Problem: Every line of the listing below is to be repeated exactly; the pictures stay out.
-------- Information provided --------
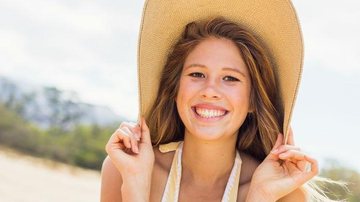 5 dicas para deixar o cabelo lindo na praia - Shutterstock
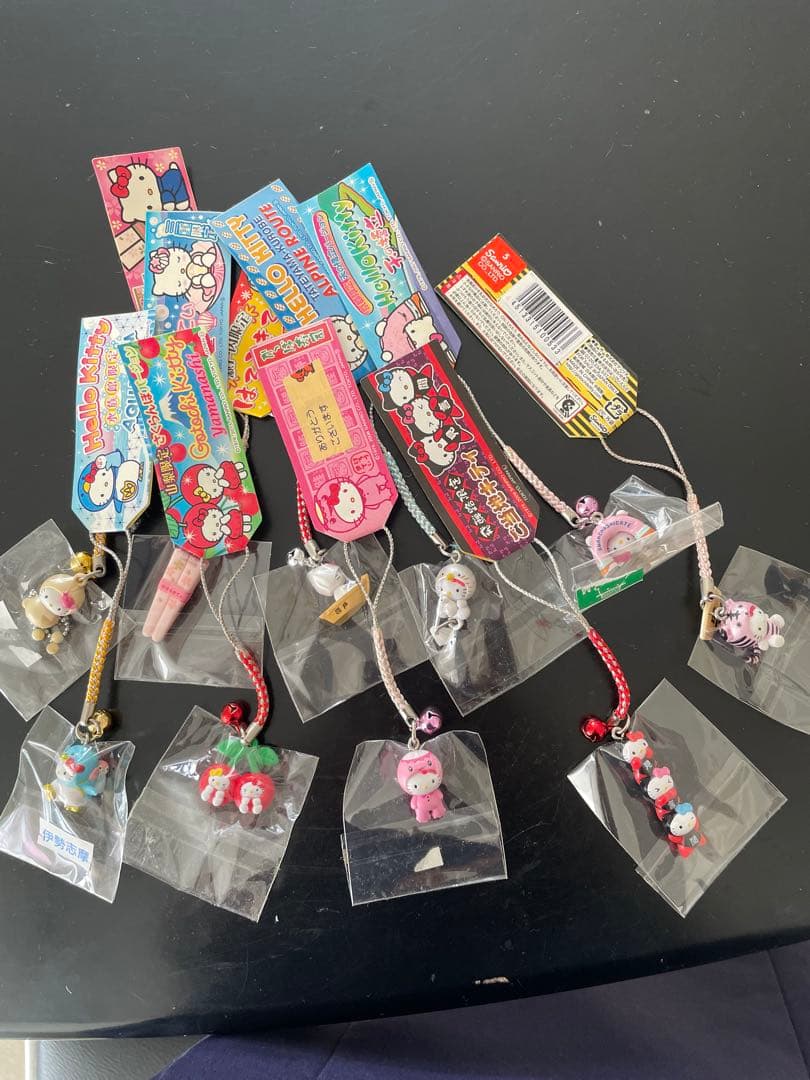C*2様 キティご当地ストラップ　いろいろ10点 プラスおまけ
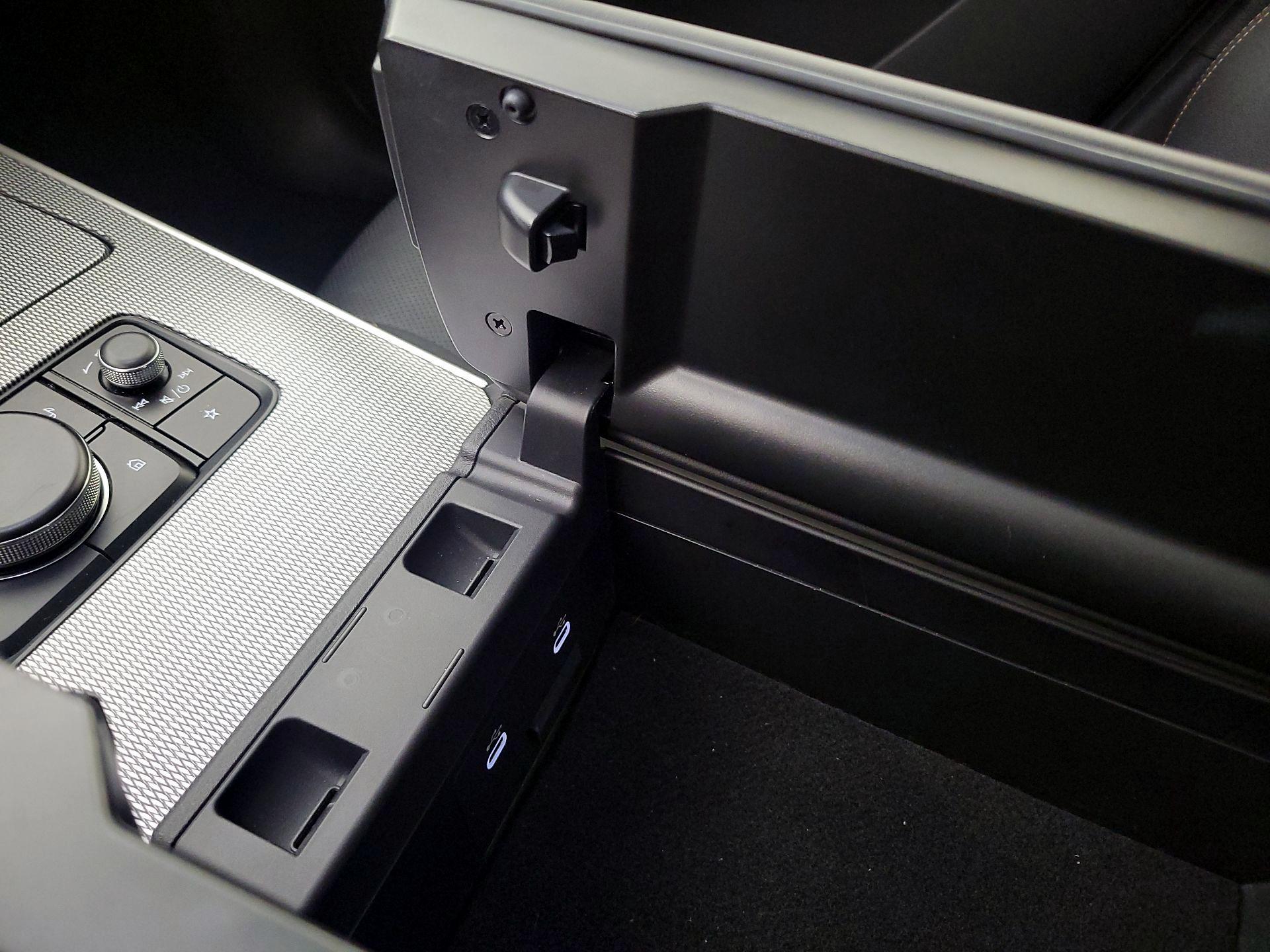 Thumbnail: 2024 Mazda CX-90 - 19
--------
Completed task:
 5 dicas para deixar o cabelo lindo na praia - Shutterstock
C*2様 キティご当地ストラップ　いろいろ10点 プラスおまけ
 Thumbnail: 2024 Mazda CX-90 - 19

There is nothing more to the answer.